Belki yeni seçilecek belediye başkanları suyu, toplu taşımayı biraz ucuzlatır, daha iyi yöneticilik sergiler, daha etkin hizmet üretir. Ama sorunun kaynağına inilmedikçe ancak geçici çözümler üretilebileceği, her çözümün yeni sorunlara yol açacağı unutulmamalıdır.

Rant avcılarına direnmezseniz, insanları beton kutular içinde yaşamaktan kurtaramazsınız. Kentleri otoyollardan, AVM’lerden, trafik yoğunluğundan, hava ve gürültü kirliliğinden kurtaramazsınız. Çocuklarımız uzaklardaki okullarına servis araçlarıyla taşınır. Hastalandığımızda onlarca kilometre ötelerdeki dev sağlık yerleşkelerine götürülürüz. Hastalarımızı ziyaret etmek bile eziyet olur. Cehenneme dönüştürülmüş kentlerden birkaç saat olsun uzaklaşıp doğayla baş başa kalabilmek için arabalarımıza binip kentin çeperlerine yapılmış eğlence yerlerine gitmek zorunda kalırız.
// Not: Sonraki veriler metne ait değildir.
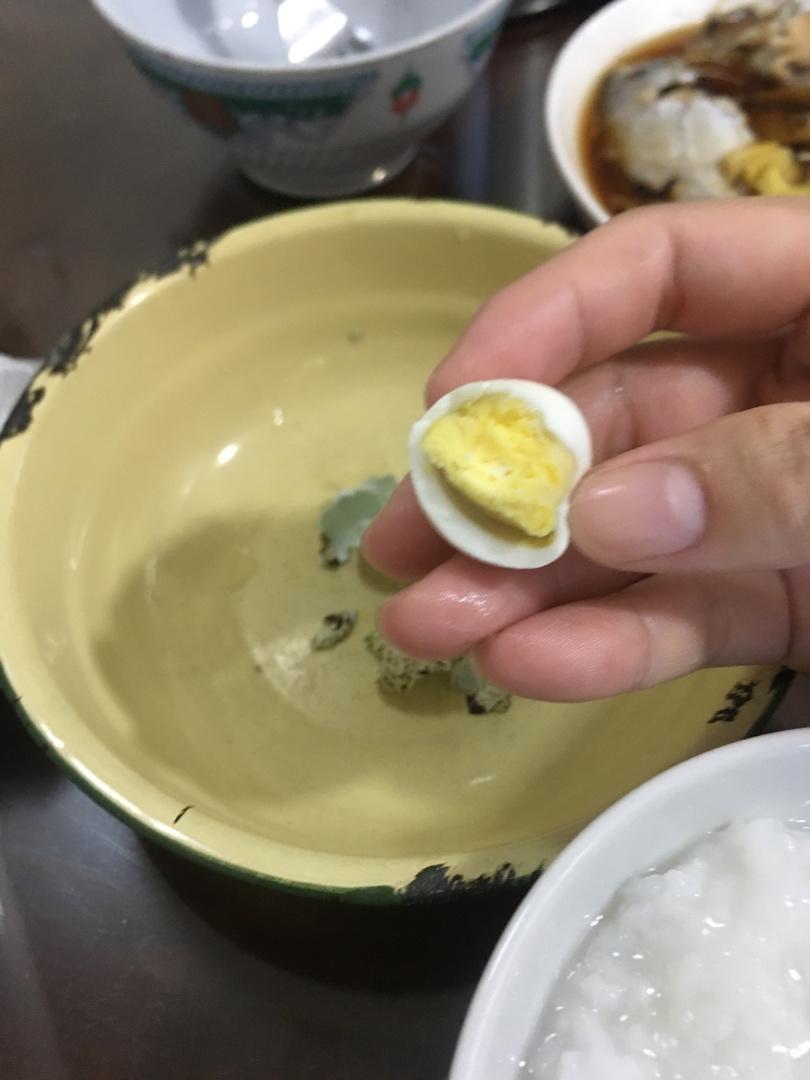 流油的鹌鹑蛋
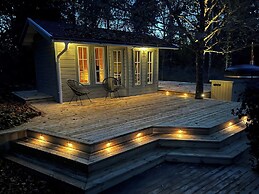 House With hot tub Sauna 300 Meters to Lake Boat Included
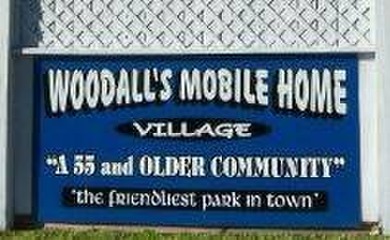 Welcome to your new home, 1 bed-1 bath, centrally located in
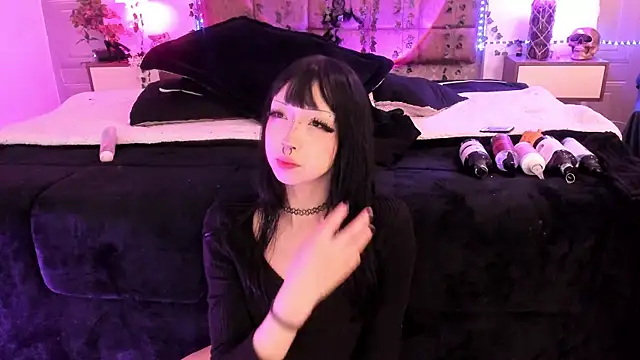 Vickmoon online show from March 2026 09:05:02 PM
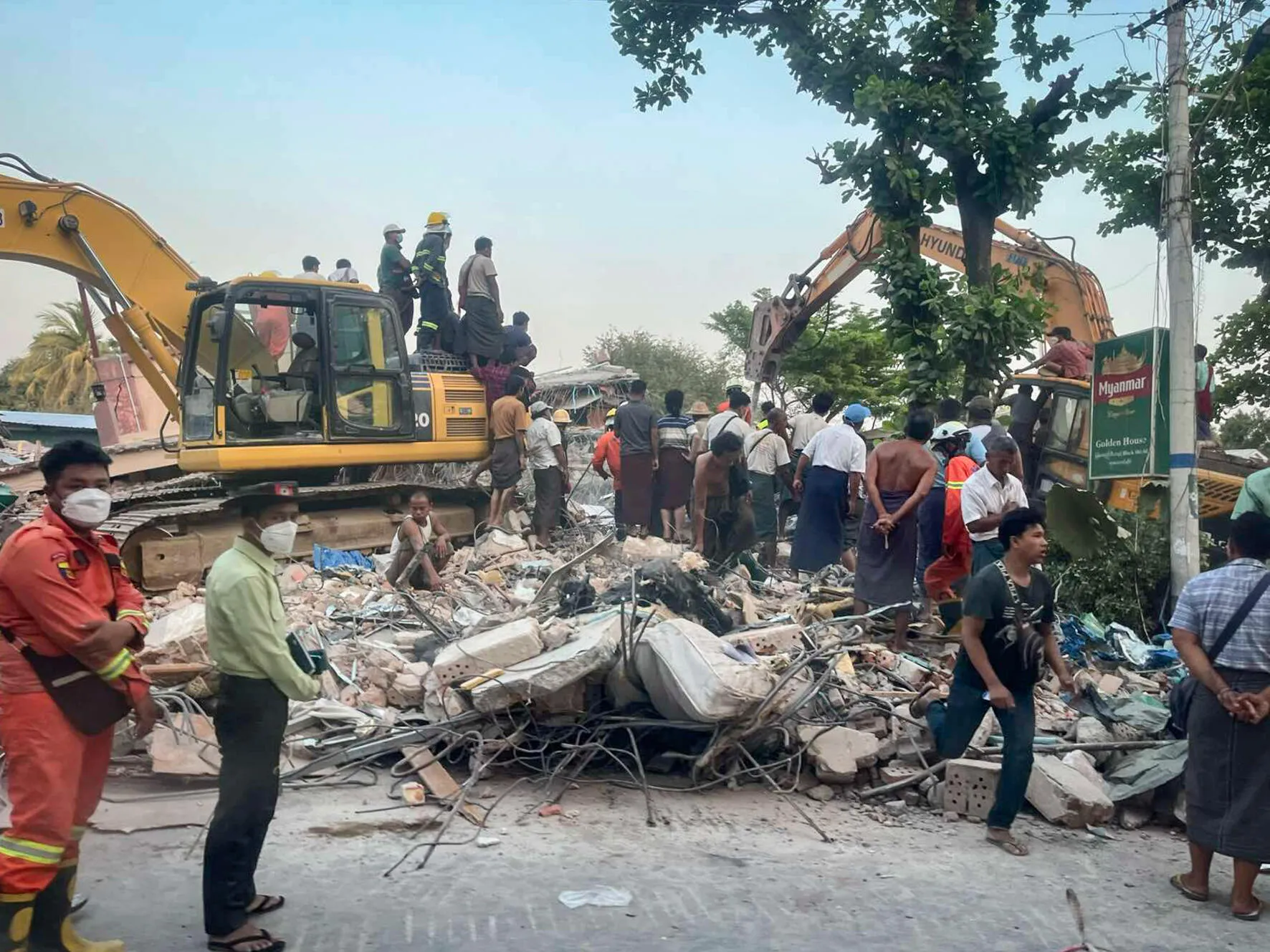 Zničená budova po zemětřesení. Myanmar, 2025. Foto: Lékaři bez hranic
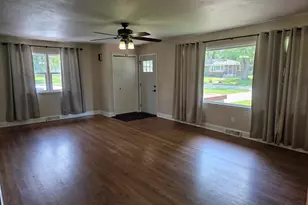 405 Fairview Ave, Crown Point, IN 46307 - Photo 6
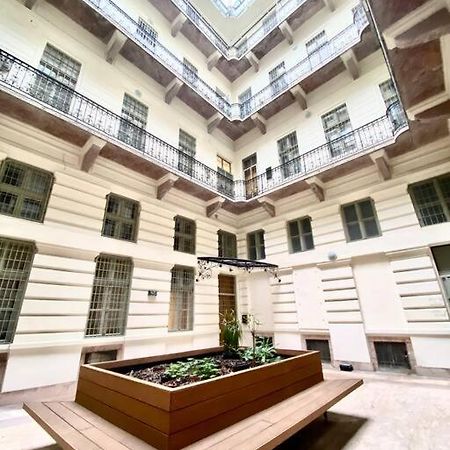 Spacious Andrassy 布达佩斯 外观 照片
Üstelik yapaydır, para tuzağıdır.

Kamunun işletmeci gibi davranmasına karşı çıkmazsanız, vergilerle karşılanması gereken altyapı giderlerinden daha az katkı payı alacağınız ya da temel hizmetleri biraz ucuzlatacağınız sözleriyle yetinmek zorunda kalırsınız.

Ulaşım sorununun, toplu taşımaya öncelik verilerek çözümlenebileceği doğru bir saptamadır ama yetersizdir. Kent merkezlerindeki yapı ve nüfus yoğunluğunu azaltma hedefiyle birlikte ele alınmamışsa, boyuna yeni yollar açılması, yeni raylar döşenmesi gerekir. Yeni raylar döşemek için kaynağı nereden bulacağınız sorulduğunda, “uluslararası tekellere müşteri güvencesi verirsem her yere metro yaparlar, hem ulaşım sorunu çözümlenir hem de belediye bütçesinden bir kuruş para çıkmamış olur” demişseniz, AKP siyasetini sürdüreceğiniz ortaya çıkar.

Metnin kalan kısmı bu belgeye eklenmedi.